As a parent educator, I get to see the changes parents make as they complete our parenting classes. The following is a story of a mother named Chelsea who was able to repair her relationship with her son through our Parent to Parent Classes.

Chelsea came into our first class at Franklin Elementary looking frustrated and disconnected. She sat and listened to the other parents silently, rarely discussing her opinions. I noticed that her demeanor started changing after the first few sessions. Chelsea started getting involved, asking questions, and even sharing personal experiences.

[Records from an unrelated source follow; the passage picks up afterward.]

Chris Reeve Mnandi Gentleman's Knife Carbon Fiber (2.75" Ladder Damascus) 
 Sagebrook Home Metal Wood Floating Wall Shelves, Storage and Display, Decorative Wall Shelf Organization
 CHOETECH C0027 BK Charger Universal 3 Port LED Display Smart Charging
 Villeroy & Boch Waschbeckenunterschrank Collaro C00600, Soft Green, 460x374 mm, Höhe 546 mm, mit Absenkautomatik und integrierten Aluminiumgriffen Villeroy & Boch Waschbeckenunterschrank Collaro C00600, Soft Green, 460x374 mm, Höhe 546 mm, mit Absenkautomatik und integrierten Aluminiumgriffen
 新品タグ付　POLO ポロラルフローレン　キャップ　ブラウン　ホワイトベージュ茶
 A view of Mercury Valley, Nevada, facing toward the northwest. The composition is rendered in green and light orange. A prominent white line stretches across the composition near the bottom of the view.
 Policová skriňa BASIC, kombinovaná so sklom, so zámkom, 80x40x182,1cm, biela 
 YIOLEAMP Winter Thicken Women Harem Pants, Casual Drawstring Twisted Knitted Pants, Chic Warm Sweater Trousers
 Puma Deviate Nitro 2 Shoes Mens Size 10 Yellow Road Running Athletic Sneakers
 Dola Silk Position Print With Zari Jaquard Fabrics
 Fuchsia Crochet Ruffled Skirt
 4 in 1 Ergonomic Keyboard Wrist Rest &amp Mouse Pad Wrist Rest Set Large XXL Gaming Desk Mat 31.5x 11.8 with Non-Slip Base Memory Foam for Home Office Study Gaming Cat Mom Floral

The last day of class I asked the parents to share if they had seen changes in themselves. Chelsea had become the most talkative parent in the class and was eager to share. She raised her hand and told the class her story. Chelsea began by confessing that initially she didn’t want to attend the class. However, after seeing the enthusiasm in the classroom she decided to give it a try. She then explained that the class had helped her to realize she was a very authoritarian parent. Before the class she would yell and often lose her patience with her two sons. Chelsea then proceeded to share the following story:

My son Tony came home from school the other day. I was in the living room watching television. He came over and sat down next to me. This is something he hasn’t done in a long while. Tony put his head on my lap. I was surprised because over the last several years we had begun to grow very distant: I suppose it was because of my yelling. I was unsure of what to do, so I thought about this class, about the lesson of giving attention and praise. I began to run my hands through his hair and asked him how his day was. He started talking to me and then asked me how MY day was. Tony had never asked me about my day. It was in that moment that I realized the importance of this class.

Chelsea explained to the class that not all has changed, and that she still yells every once in a while, but that she is trying her best not to take out her frustrations on her sons. If she ever slips up, she makes sure to always apologize. Change takes time, but it is not impossible, and that day Chelsea showed the class the power of small changes in her transformation as a parent.